*TASK REQUIREMENTS*. Each line below must be transcribed exactly, and no picture may appear in the transcription.

*DATA SECTION*.
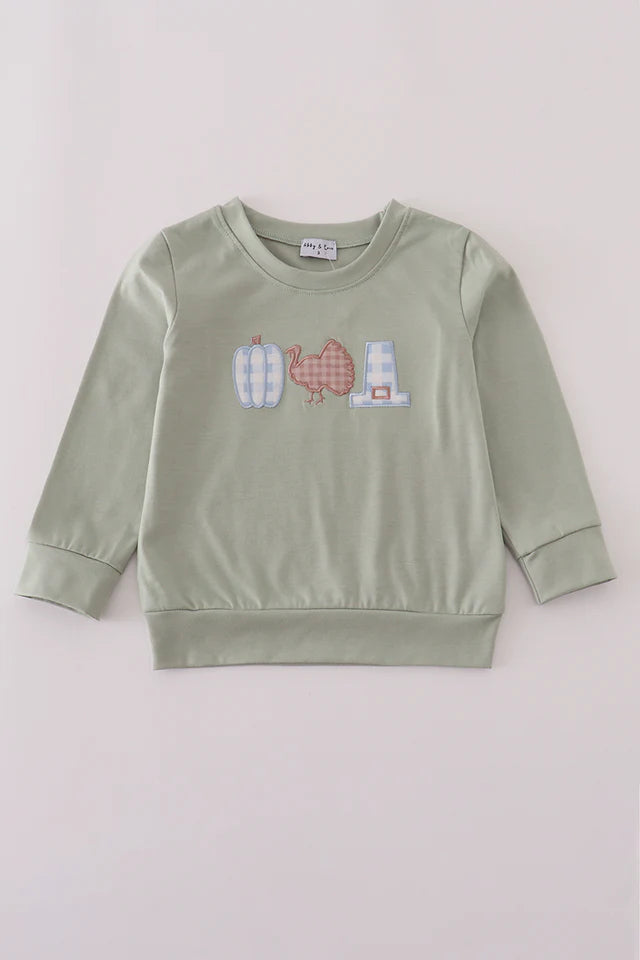 Sage Pumpkin & Turkey Shirt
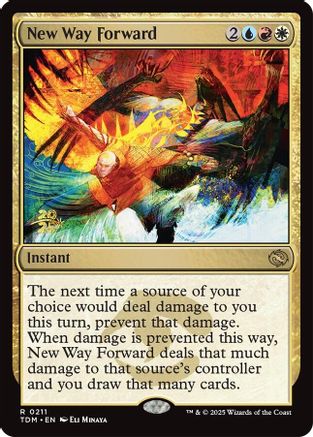 Image of New Way Forward (PRE-211) - Prerelease Cards Foil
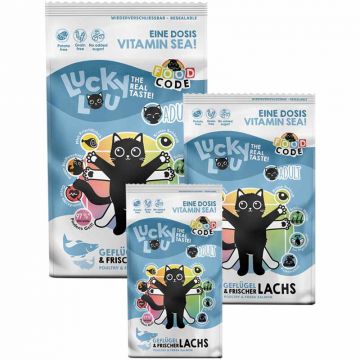 Lucky Lou Food Code Lifestage Adult Geflügel + Lachs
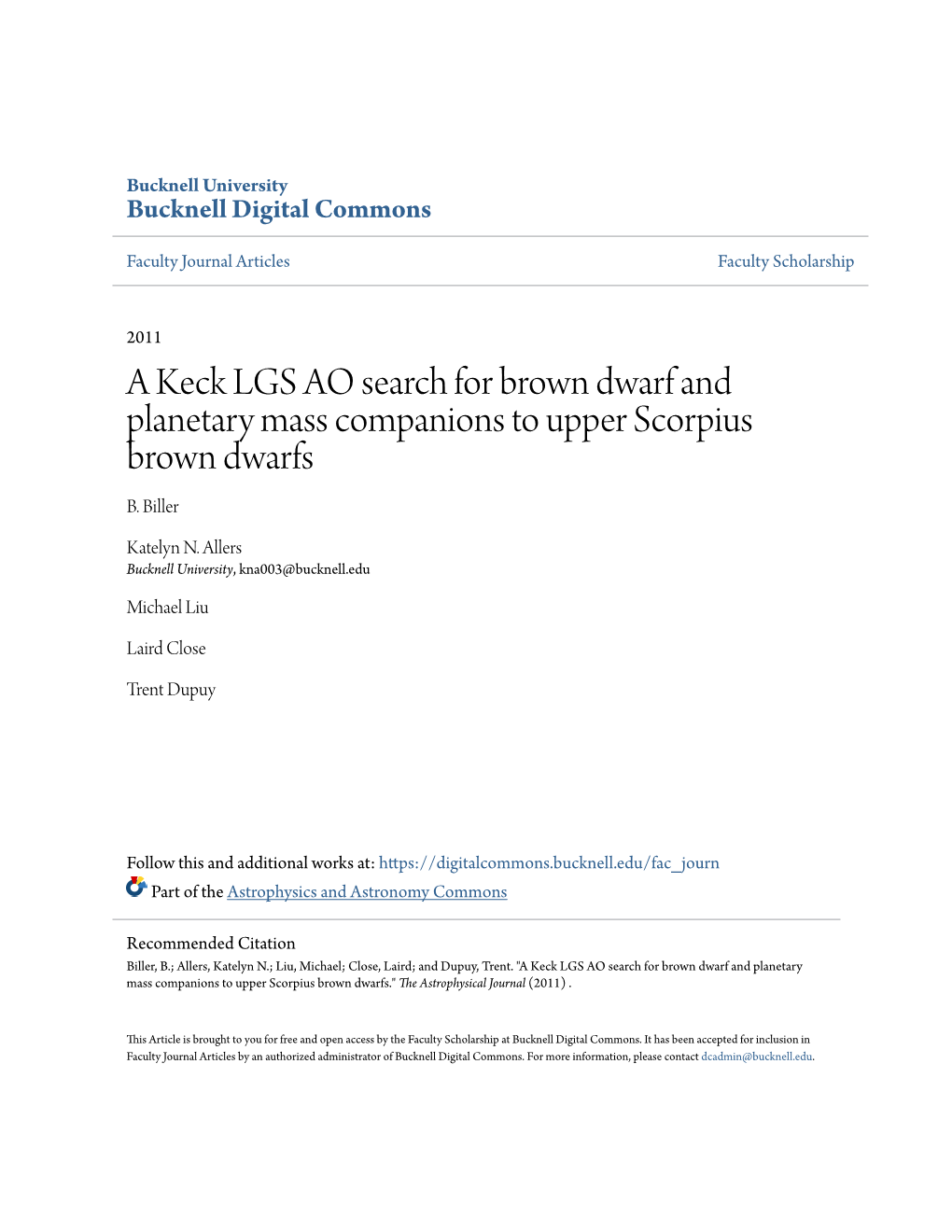 A Keck LGS AO Search for Brown Dwarf and Planetary Mass Companions to Upper Scorpius Brown Dwarfs B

*SOLVED PROBLEM*.
 Sage Pumpkin & Turkey Shirt
 Image of New Way Forward (PRE-211) - Prerelease Cards Foil
 Lucky Lou Food Code Lifestage Adult Geflügel + Lachs
 A Keck LGS AO Search for Brown Dwarf and Planetary Mass Companions to Upper Scorpius Brown Dwarfs B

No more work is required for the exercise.